Da Rennes (Bretannia francese)
4 Aprile 2018
A Rennes possono succedere le
cose più strane del mondo: un momento piove a dirotto (e l’oscurità della notte
repentina rattrista i passanti, le case, gli oggetti tutti) e quello dopo c’è
il sole che spinge la gente a riporre gli ombrelli al loro posto e a tornare a
vivere all’aperto (anche i bretoni, come il resto dei francesi, d’altronde, amano
sorseggiare caffè e tè nelle terrazze dei bar del centro).
E poi può capitare che l’amica di
tua moglie che ha fatto un viaggio da sola in Italia conosca un italiano, se ne
innamori perdutamente e poi vada in crisi e ti chieda gentilmente di tradurle
una lettera che vorrebbe mandargli dopo che lui è scomparso da più di una
settimana.
Ho letto la lettera mentre ero in
bagno e…mi ha talmente commosso che ho pianto. Sì. Non mi vergogno a dirlo: le
parole sincere e appassionate dell’amica di mia moglie mi hanno spinto alle
lacrime…E queste sono alcune delle frasi più belle che mi azzardo a esporre
qui, pubblicamente, perché mi hanno davvero lasciato a bocca aperta e
dimostrano quanto siamo tutti deboli e vittime e sicari quando si tratta d’amore,
ovvero, di Eros, ovvero, di quella potenza stramba e irrazionale che ci spinge
a fare follie per l’altro (anche quando l’altro non c’è più o ha tutta l’intenzione
di scomparire dal nostro orizzonte):
“Sono una ragazza ferma in attesa
del ragazzo che la scelga per farla ballare, è così che mi sento, come quella
ragazza che ha condiviso con te sguardi complici, sorrisi, carezze e poi…quando
arriva il momento stellare…la ragazza si sente la donna più Fortunata e felice
del Pianeta Terra…ma il ragazzo non appare, non viene nessuno al ballo, e la
ragazza non può fare nulla…”.
“[…] non mi piace che eviti i problemi,
perché non scompaiono, si trasformano soltanto, e le persone che si comportano
in modo coraggioso non sono quelle che non hanno problemi, ma quelle che,
avendoceli, li affrontano, anche a costo di dover chiedere aiuto […]”.

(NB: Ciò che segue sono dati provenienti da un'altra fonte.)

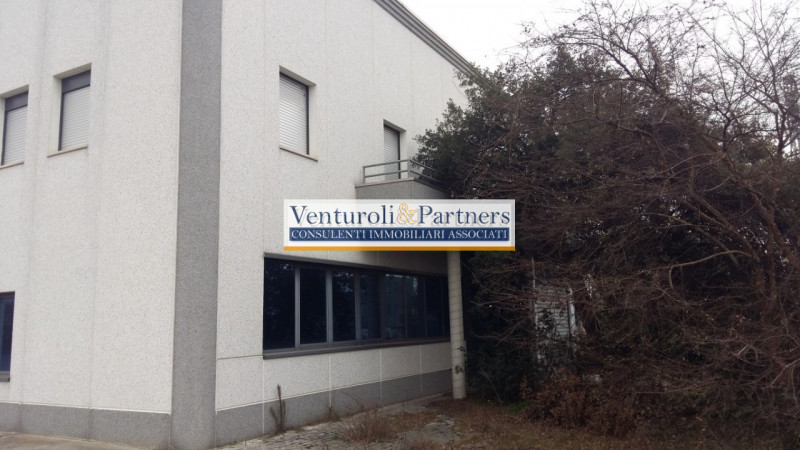 Immagine 6 di Capannone industriale in vendita  in via ugo foscolo a Ghedi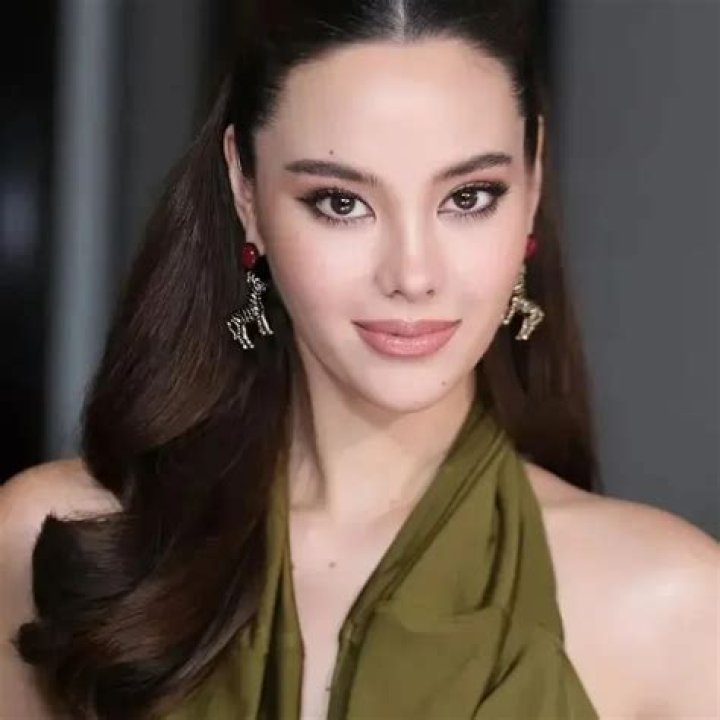 Catriona Gray – Biography, Facts & Life Story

“Ora la distanza gioca contro di
noi e nemmeno la lingua aiuta, ma posso assicurarti che nel mio vocabolario non
esiste la parola “impossibile”, perché sono davvero poche le cose impossibili
nella vita, l’impossibile ce lo costruiamo noi nella nostra mente, fino a
quando non arriva qualcuno che ci dimostra che è possibile, e allora ci
rendiamo conto di quanto siamo stati stupidi per tutto quel tempo…”.
E infine, verso la conclusione,
questa riflessione che mi fa pensare a Marco Aurelio:
“Penso che ci sia un tempo per
lasciare che le cose accadano e un tempo per fare in modo che le cose accadano”.
Quant’è grande, oscuro, profondo
il cuore di una donna innamorata… Quanto siamo deboli, attorcigliati,
tremolanti, quando cadiamo vittime di Eros… Quanta saggezza può ispirarci il
dolore…e uno si domanda perché la conoscenza è quasi sempre conoscenza “nel” e “del”
dolore…perché non impariamo dalla felicità…perché è la sofferenza che ci spinge
a riflettere con più intensità su chi siamo, cosa vogliamo, cosa temiamo…perché?